Betilakk the Interloper is a character appearing in American comic books published by Marvel Comics. Created by writer Peter B. Gillis and artist Don Perlin, the character first appeared in Defenders #147 (September 1985). Interloper is a member of the Eternals of Earth who largely distances himself from his fellow Eternals, maintaining a close friendship only with Gilgamesh. One of his principal adversaries is the Dragon of the Moon, whom he battles on several occasions, including alongside the Eternals of Titan. Believing he had fought his final battle, Interloper subsequently withdrew from public life and lived in isolation.

==Publication history==
Betilakk the Interloper debuted in Defenders #147 (September 1985), created by Peter B. Gillis and Don Perlin. He subsequently appeared in several Marvel series, including Strange Tales (1987), Doctor Strange: Sorcerer Supreme (1988), Doctor Strange Epic Collection (2016), and Doctor Strange, Sorcerer Supreme Omnibus (2017).

Additionally, Interloper received an entry in the Official Handbook of the Marvel Universe Deluxe Edition #6 (1983).

==Fictional character biography==
Little has been revealed. He does know the Eternal Gilgamesh (aka the Forgotten One), and has been fighting the Dragon of the Moon for centuries, both on Saturn's moon Titan and on Earth. Their last battle was during the 6th Century AD.

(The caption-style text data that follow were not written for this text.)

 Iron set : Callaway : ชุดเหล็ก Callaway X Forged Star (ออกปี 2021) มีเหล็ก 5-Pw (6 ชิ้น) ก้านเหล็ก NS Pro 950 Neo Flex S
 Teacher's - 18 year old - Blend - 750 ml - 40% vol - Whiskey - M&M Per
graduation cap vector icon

He lived as a hermit for the following hundreds of years. He was discovered by Manslaughter, and, impressed, the Interloper trained Manslaughter. Later, when the Dragon of the Moon enslaved Moondragon, the Interloper confronted and then joined Moondragon's team, the Defenders, in battling Moondragon and the Dragon of the Moon. In the battle, the Interloper tried to hurl his life force against the Dragon; he was transformed into a statue that crumbled into dust. Due to the intervention of the Vishanti, Interloper's life force was merged with the body of Will Fanshawe, a Welsh truck driver; they share possession of this body, which can now transform into an exact duplicate of Interloper's old body that retains his Eternal powers. Less than two years later, Interloper defeated the Dragon of the Moon by using his new schema to his advantage.

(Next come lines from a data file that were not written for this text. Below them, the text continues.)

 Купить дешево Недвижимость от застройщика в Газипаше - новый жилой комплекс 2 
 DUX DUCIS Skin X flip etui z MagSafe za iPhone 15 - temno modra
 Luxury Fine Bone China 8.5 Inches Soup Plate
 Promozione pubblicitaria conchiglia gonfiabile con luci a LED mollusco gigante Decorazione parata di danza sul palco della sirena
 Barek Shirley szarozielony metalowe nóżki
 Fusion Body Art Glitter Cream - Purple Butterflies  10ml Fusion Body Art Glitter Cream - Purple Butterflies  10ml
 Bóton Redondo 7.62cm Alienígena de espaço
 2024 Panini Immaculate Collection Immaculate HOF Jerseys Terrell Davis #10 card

== Powers and abilities ==
Interloper possesses the standard abilities of his race, including virtual immortality, superhuman strength, durability, levitation, flight, and the projection of cosmic energy beams from his eyes. He is capable of lifting approximately 40 tons under optimal conditions. Interloper wears a mystical artifact known as the Cloak of Fear, which induces unease in nearby humans and prevents them from looking directly at or approaching him. The origins of the cloak have not been disclosed in published stories. Furthermore, he developed a heightened extrasensory awareness of the Dragon of the Moon, enabling him to sense the creature’s presence anywhere on Earth and track it across great distances.